Well now... I can't argue with opinion. And I do think Greg has an amazing strum engine; that's something I haven't tried to do. But a lot of our users think Shreddage 2 & IBZ have a killer tone for palm/chugged rhythm and leads. Plus with IBZ we added a whole new FX system! Have you heard this demo, for example? 



The strength of Shreddage lies in these soaring leads and repeated mute/open rhythms, which are essential for many metal styles.


----------



## SirKen (Dec 21, 2015)

Vastman said:


> Shreddage can't hold a candle to any of these...



I have to disagree. Both company's guitar libraries have their own strengths. It sounds like you don't write anything that requires repetition of notes like heavy metal and similar.


----------



## Chris Porter (Dec 21, 2015)

8Dio's Steel String Soloist is gorgeous for acoustic lead lines (alternating between poly and legato as needed), as well as picked or fingerpicked patterns. It's nowhere near as complex a system as some of the others mentioned above, but I use it a lot.


----------



## Vastman (Dec 22, 2015)

SirKen said:


> I have to disagree. Both company's guitar libraries have their own strengths. It sounds like you don't write anything that requires repetition of notes like heavy metal and similar.



You are correct about me not being a metal fast player but just check out Greg's banshee and even some strawberry demos...plenty of metal. For pure metal shreddage IS amazing...And may be the best...the songs people have done are amazing metal mania. It's why i plucked um up...also love zircon's work. I just wasn't able to compose songs with it...
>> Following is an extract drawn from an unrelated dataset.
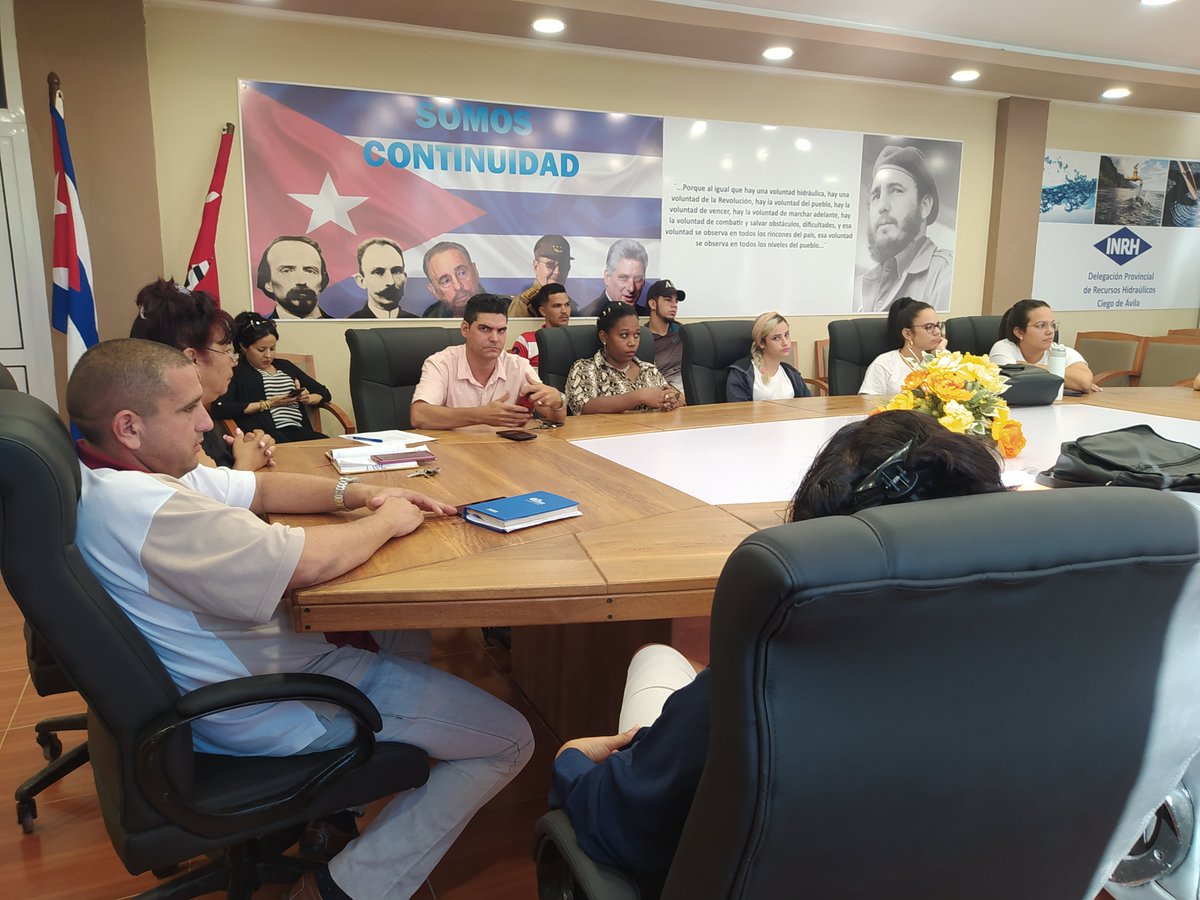 DespachoMagalys's tweet photo. Importante intercambio con jóvenes reservas del sistema de Recursos Hidráulicos,se desarrolló en el día de ayer en la delegación avileña,cómo parte de las actividades de la jornada Camilo-Ché.
#PorCubaVenceremos
#DPRHCuba
#LatirAvileño
@INRHCdeAvila https://t.co/W0ZkZXfcMH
It has serious limits...it requires a SIM and has no smart strumming/chugging... i find the current evolution engine much more playable right off the bat... For a variety of styles.


----------



## SoundChris (Dec 26, 2015)

For Metal / Rock i usually use Shreddage II in combination with toneforge - menace or NI Guitar Rig Pro. For all the other genres i use the Ilya Efimov ones. The Nylon is just perfect for Flamenco and such stuff, i prefer the Les Paul over the Telecaster by far (IMO it just sounds far deeper and ... well its just awesome) and the acoustic guitar with the strum is very helpful and for my taste also very realistic. Right now ilya´s stuff is on sale. If i were you i would go for the Total Guitar Bundle by Efimov AND the Shreddage II IBZ.


----------



## SPOTS (Dec 27, 2015)

In re with acoustic & nylon guitars, I don't own any guitar lib from either Efimov or Ample sound yet but I was quite impressed by the demos of Efimov and blown away by those of Ample Sound... which let me to big confusion as to which to pick. Not even considering the Nylon guitar very soon to be released by Orange Tree samples...


----------



## owenave (Dec 29, 2015)

Vin said:


> +1
> 
> If metal is your primary genre, their V-metal library is really incredible:
> 
> ...




I really like the sound of this library for chords and solo. 
A little pricey .. guess I will have to save up for this one or catch a sale.
Or even better have @Frederick Russ play some guitar tracks...Even better.


----------